そしてキリスト信仰の極地、極限とは、こういう人生を言うのかだろうかとも思った。 スパフォード氏は壮絶悲惨な人生に遭遇したが、その時書かれた詩はあまりにも受容的で、あまりにも理性も理想を超えた世界に思える。 だが、キリストを見上げる信仰は、彼をそこまでも磨き極めたのかと認めざるを得ない。

私たちの人生にいつ訪れてもおかしくない、凄惨極まりない出来事に遭遇したとする。 そのとき、人はどういう心と行動でキリストの前に立つのだろう。

「使徒行伝」と当初訳された書が、今では「使徒の働き」と言われる。 キリストの弟子たちの伝道の旅と活動日記のようなものである。 しかし、正確に訳すとしたら「聖霊行伝」とでも言いたい。 弟子達は常にキリストの御霊(つまり聖霊)に背を押され、先導され、辿った旅路だからである。 そして当時の彼らの生きる道は戦い、葛藤、白熱する議論、主義主張、いがみ合いの旅だった。 そこだけ読むと、とても聖霊行伝という名は相応しくないともいえる。 それでも福音は彼等を必要とし彼らに背負われて、地中海沿岸の小アジアを経て、ギリシャへ、マケドニアへ、そしてローマへと運ばれ、遠くはスペインまでも彼らの視界に入っていた。 使徒達は大いに欠けある者ではあっても、命を賭して、イエスは彼等と共に海路と陸路の果てまで旅した。 死んでも福音を告げ知らせることだけが、彼らを動かした。 そして、その旅路の過程で果てにおいてすべての使徒たちは殉教した。 まるで命を捧げるための伝道の旅の様だった。

使徒行伝を読むと私たちが理想とイメージする「クリスチャン像」など「チャンチャラ可笑しい」とさえ思う。 主はそういう彼らを用いられた。 品行方正、忍耐と寛容、いがみ合いなどもっての他、人を躓かせる言動など即破門、いつも柔和で穏やか、これぞキリスト教徒と思われる現代であるが、これもキリスト教なのだ。

当時、使徒たちは割礼論議に明け暮れた。 異邦人伝道に於いては律法論議に悩んだ。 ユダヤ人の救いと異邦人の救いに関して、ぶつかり合う焦点は幾らでもあった。 チーム伝道の旅に反目(にらみ合い)に至る議論は避けられなかった。 チームが一つに成れず分散するしかなかったことも多々あった。

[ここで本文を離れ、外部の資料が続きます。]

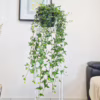 Bluszcz hedera helix shamrock 70-90cm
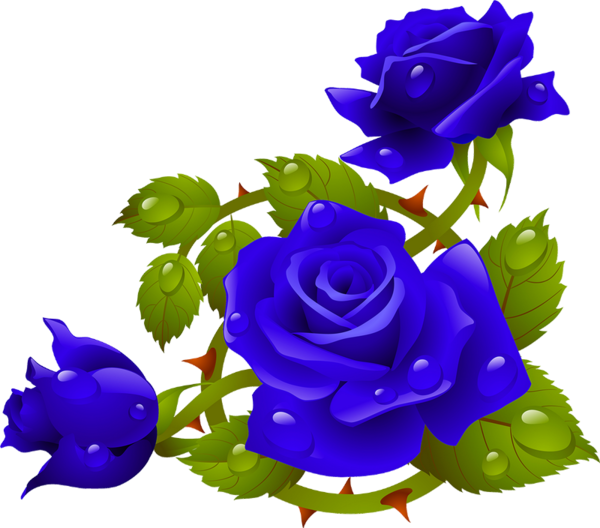 Clip Art - Rose Vignette (600x528)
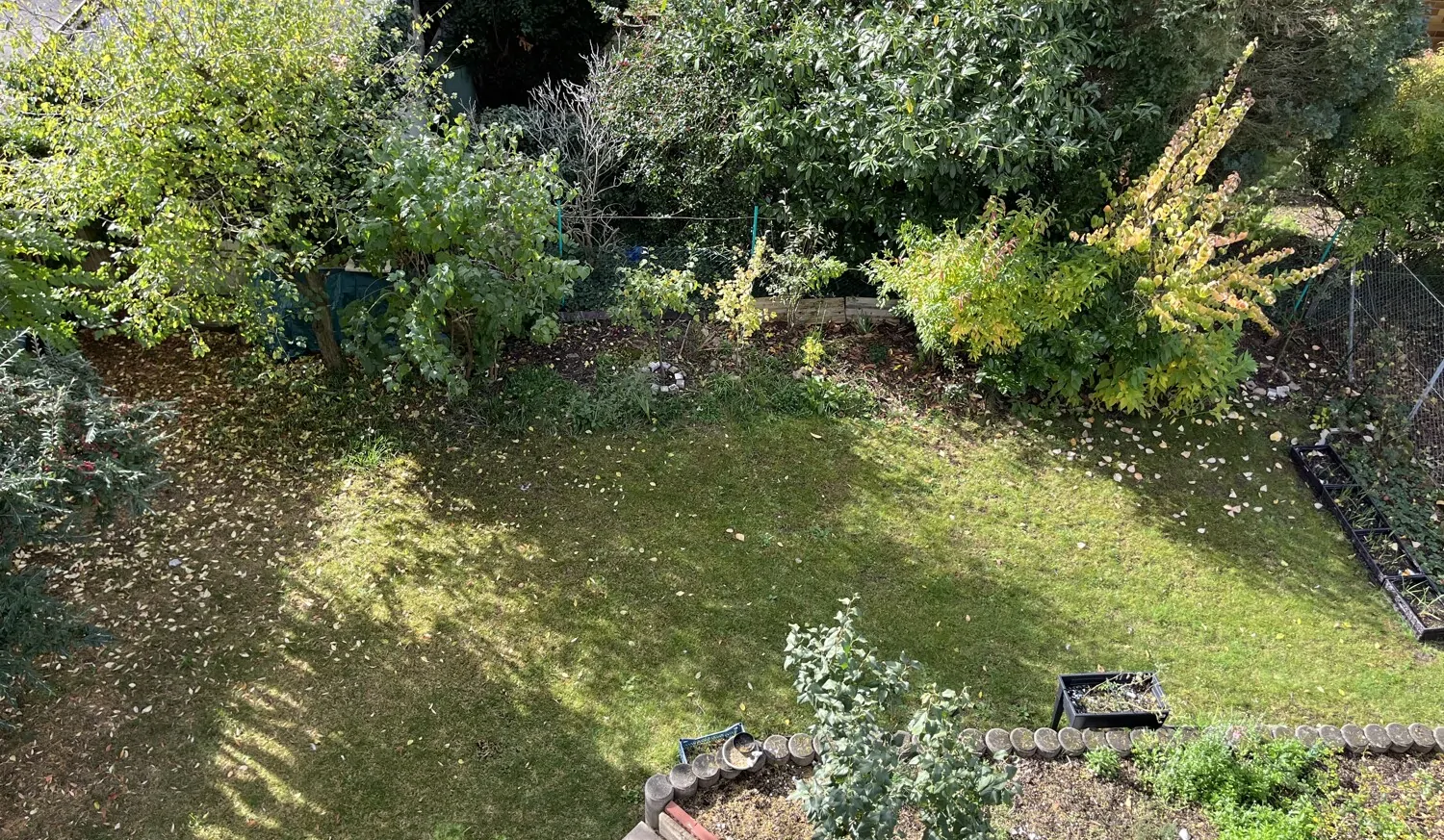 Gartenblick von der Dachterrasse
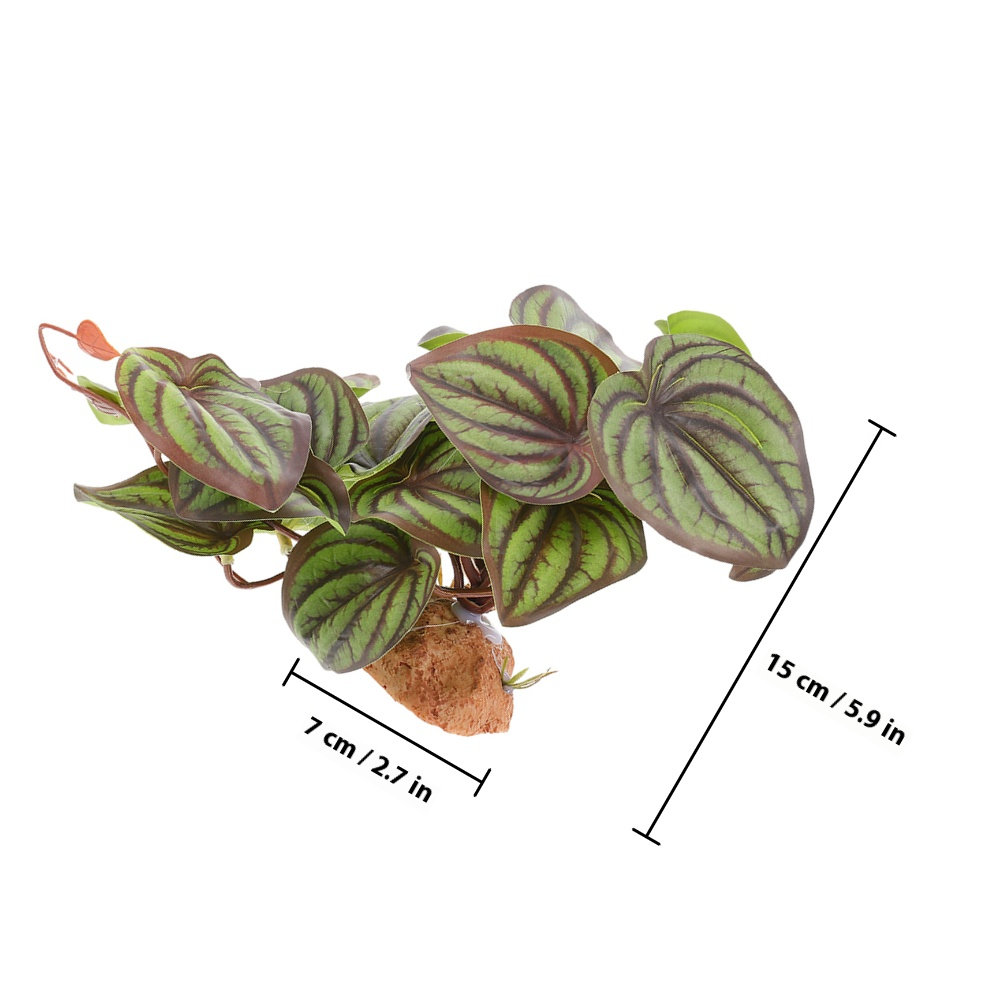 High Quality Simulation Terrar - Snake Plant 评论和价格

意見がまとまらず二派に分かれての出立に気持ち良いものは無かったであろう。 しかし、その後に何が起こったか? 彼らは、その置かれた場所、導かれた先で神をいつも身近に体験したのである。 幼いキリスト者は熟練者とされ、仲たがいをした人間関係はイエスを見上げて修復された。 キリストは、彼らの人間的視野など、はるかに狭しとばかりに、熱く激しく臨在され給うた。 現代の私たちに於いてはまるで見えない和解と修復、開けようもない閉ざされた心とわだかまりの世界など、彼らは必ずくぐりぬけている。 これぞキリストの弟子の姿だった。

パウロの第2次伝道の旅目的は、現代のトルコ地方を隈なく駆け巡るものだった。 しかし、或る場所からは北にも南にも行けなくなった。 その場面、「聖霊が禁じられた。イエスの御霊がお許しにならなかった。」と聖書は語る。 それが実情であった。 使徒達は悩んだ。 それでも彼らは前向きだった。 やむなく中央を見据えて進むしかない。 その道だけは前に進めたのである。 後退する選択肢など持たなかった。 小アジアの東の端、エーゲ海を目の前にしたトロアスは陸路では「どんづまりの港町」だった。

そこに来たとき、パウロたちは果たして何を考えたのだろう? 思えば、この旅の出発時に相棒のバルナバと激しくぶつかった。 激しく反目し合った。 互いの意見に妥協点などなかった。 あれは良くなかったか・・・とパウロは思ったか? そんなスタート場面の記憶が頭をよぎったのではないかと私は勝手に想像した。

トロアスに着いて或る晩、パウロは幻を見た。 マケドニヤ人が彼の前に立って懇願している。 「どうか渡って来て、私たちを助けてください。」

夢から覚めてパウロは確信した。 「これこそキリストのお導きだ。南にも北にも道が閉ざされたのはこの為だった。」 チームはそこで一致した。 「マケドニヤへキリストの福音を運ぼう。」 少数ではあったがメンバーの心に熱い伝道の炎は燃えた。 こういう「It is well」もあったのだ。 それこそキリスト教がヨーロッパの地を初めて踏みしめる瞬間だった。